**Description of the task:** Repeat the data as given. Images do not go in the copy.

**Supplied information:**
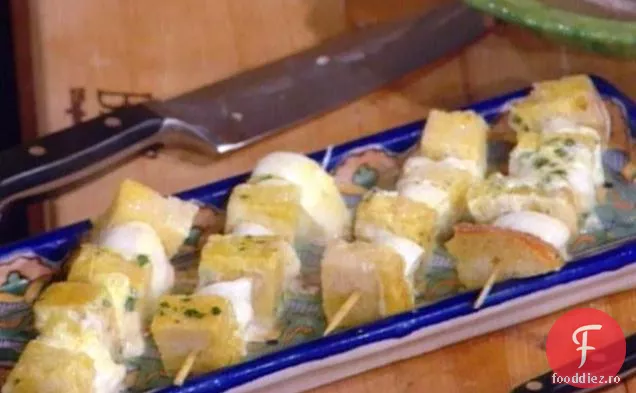 Frigarui de Mozzarella cu sos de hamsii (Spiedini di Mozzarella)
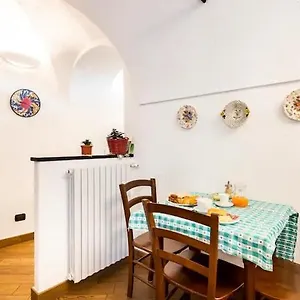 Couette-café L'erica, Finale Ligure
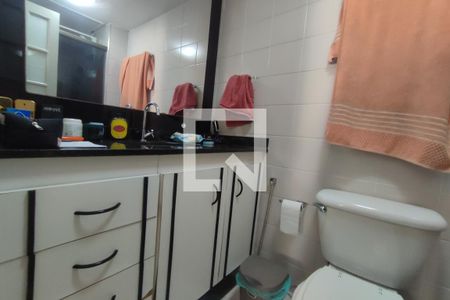 Banheiro da Suite 1 de apartamento à venda com 2 quartos, 62m² em Taquara, Rio de Janeiro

**Result of this task:**
 Frigarui de Mozzarella cu sos de hamsii (Spiedini di Mozzarella)
 Couette-café L'erica, Finale Ligure
 Banheiro da Suite 1 de apartamento à venda com 2 quartos, 62m² em Taquara, Rio de Janeiro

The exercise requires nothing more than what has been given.